Les lingots du Brexit: la ruée vers l'or des Nord-Irlandais

Dans un sous-sol de Dublin, les réserves d’or s’accumulent à mesure que la date du Brexit approche. Leurs propriétaires? Beaucoup d’investisseurs nord-irlandais inquiets d’une sortie du Royaume-Uni de l’Union européenne sans accord.

« Ils craignent une dévaluation importante de la livre sterling en cas de Brexit dur », explique Seamus Fahy, co-fondateur de Merrion Vaults, société de courtage qui propose aussi une salle des coffres où stocker le précieux métal jaune, dans le centre de la capitale irlandaise.

En 2018, quand le spectre d’un retrait du Royaume-Uni de l’UE sans accord a pris consistance, il a observé un bond de 70% de sa clientèle en provenance de la province britannique d’Irlande du Nord voisine où il n’existe aucun service similaire.

Des exemples de l'or confié à Merrion Vaults à Dublin, le 7 janvier 2019 (AFP - PAUL FAITH)

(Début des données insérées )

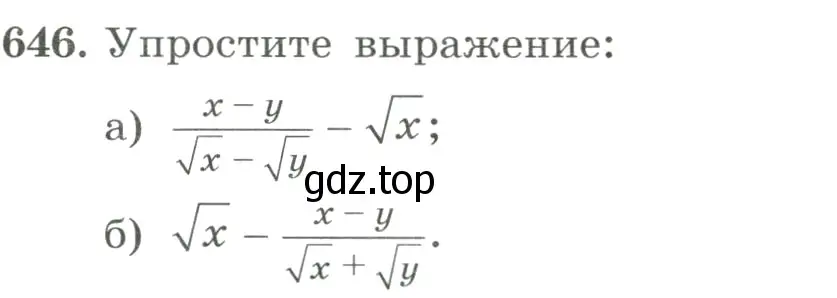 Условие номер 646 (страница 151) гдз по алгебре 8 класс Макарычев, Миндюк, учебник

Des exemples de l’or confié à Merrion Vaults à Dublin, le 7 janvier 2019 (AFP – PAUL FAITH)

« Les clients retirent de l’argent des banques et ils achètent des lingots d’or par notre intermédiaire pour les stocker », ajoute M. Fahy.

C’est en quelque sorte le prix de la tranquillité d’esprit, à une heure de trajet environ de la frontière séparant les deux Irlande.

– Lingotins ou pièces –

Installé dans le sous-sol d’un immeuble de bureaux gris et sans prétention, Merrion Vaults n’affiche sa présence aux passants que par le biais d’une plaque évasive indiquant seulement « Merrion Private ».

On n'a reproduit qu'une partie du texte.